But what happens when we change the lens and examine the same outcomes using marginal means? What are the levels of support in each country? Are they similar too? Are the findings robust to the use of different outcome variables? Which values have outcome significance?
Panels B and D in Figure 3 present the same results as MMs (full MMs are presented in SM Figure C2 and Table C2). Comparing the MMs within each country, it is apparent that the outcome variable is consequential to the underlying preferences obtained. In Israel (panel B) the MMs obtained using the rating outcome display support for paternalistic policies regardless of their specific features, such that none of the features has outcome significance.
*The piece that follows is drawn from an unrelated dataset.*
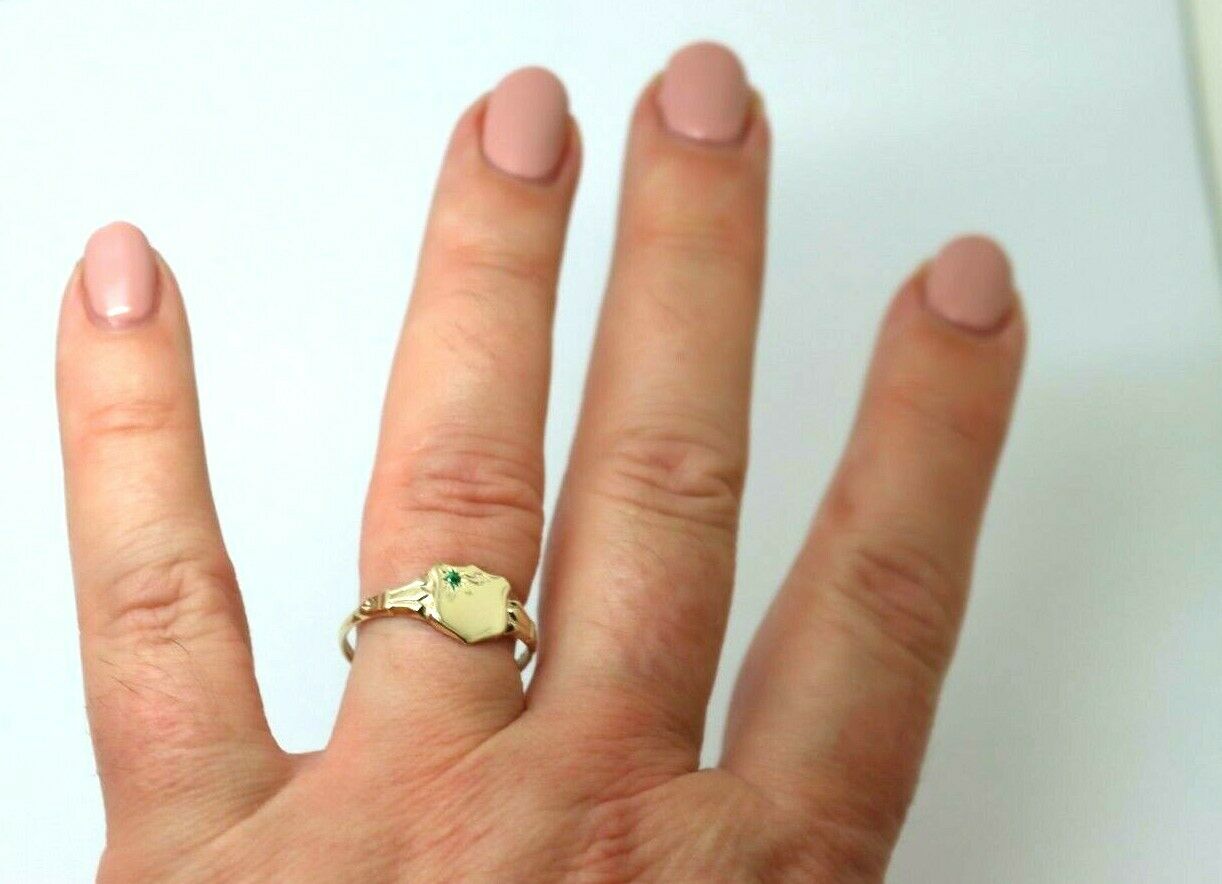 Genuine 9ct Small Yellow, Rose or White Gold Childs Emerald Shield Signet Ring - Choose your size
By comparison, when forced-choice is used, support is not so clear cut, and many values appear to have outcome significance (e.g., Tax/Restriction, Ban/Mandate, majority support). The same is evident in the U.S. (panel D): when the rating outcome is used, Americans are supportive of paternalism unless it is coercive (i.e., Tax/Restriction or Ban/Mandate), in which case they are undecided. 9 This is far from being the case according to the forced-choice MMs. Some features of the proposals are more likely to be opposed, and others are more likely to be supported, and this results in many values having outcome significance.
Additionally, comparing the MMs between the countries also leads to different conclusions, contingent on the outcome variable. Specifically, using the rating outcome (black circles) Israelis are much more favorably predisposed toward paternalistic policies as compared to Americans—the MMs are higher across attribute levels, despite the similarity in AMCEs. Yet, examining the forced-choice MMs would lead to a different conclusion: Americans prefer non-coercive paternalism, while Israelis are only supportive of the most coercive policy tools, and in both countries favorability levels based on Public Support are similar. Thus, the different outcome variables result in different conclusions regarding the cross-country comparison, as well as different policy implications within each country.
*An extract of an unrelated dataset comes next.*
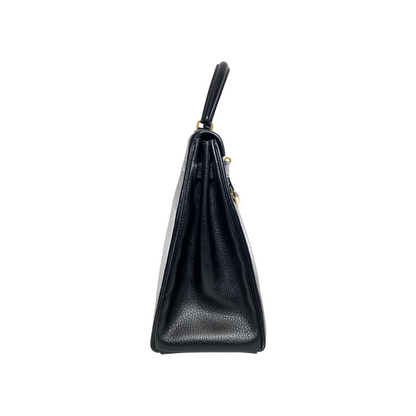 Hermes Kelly 35 Retourne Black Ardennes Gold Hardware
The replication underscores several points. First, MMs contextualize the results obtained through AMCEs: while causal effects of different determinants of support for paternalism may be similar and generalizable across different political contexts, the underlying levels of support are different in Israel and the U.S., thus the policy implications remain country specific.
Second, there are meaningful advantages to using the rating outcome in conjoint experiments. Once attribute values are not artificially constrained to a mean of 0.5 the full variance of preferences can be revealed. The striking differences in MMs between the rating and forced-choice outcomes within and between countries would lead to completely different conclusions and implications. For example, the MMs obtained through the rating outcome suggest that the exact policies by which these policy goals are promoted matter less to Israelis. Americans’ preferences, by contrast, are much more nuanced. This is despite the similar AMCEs in the two countries.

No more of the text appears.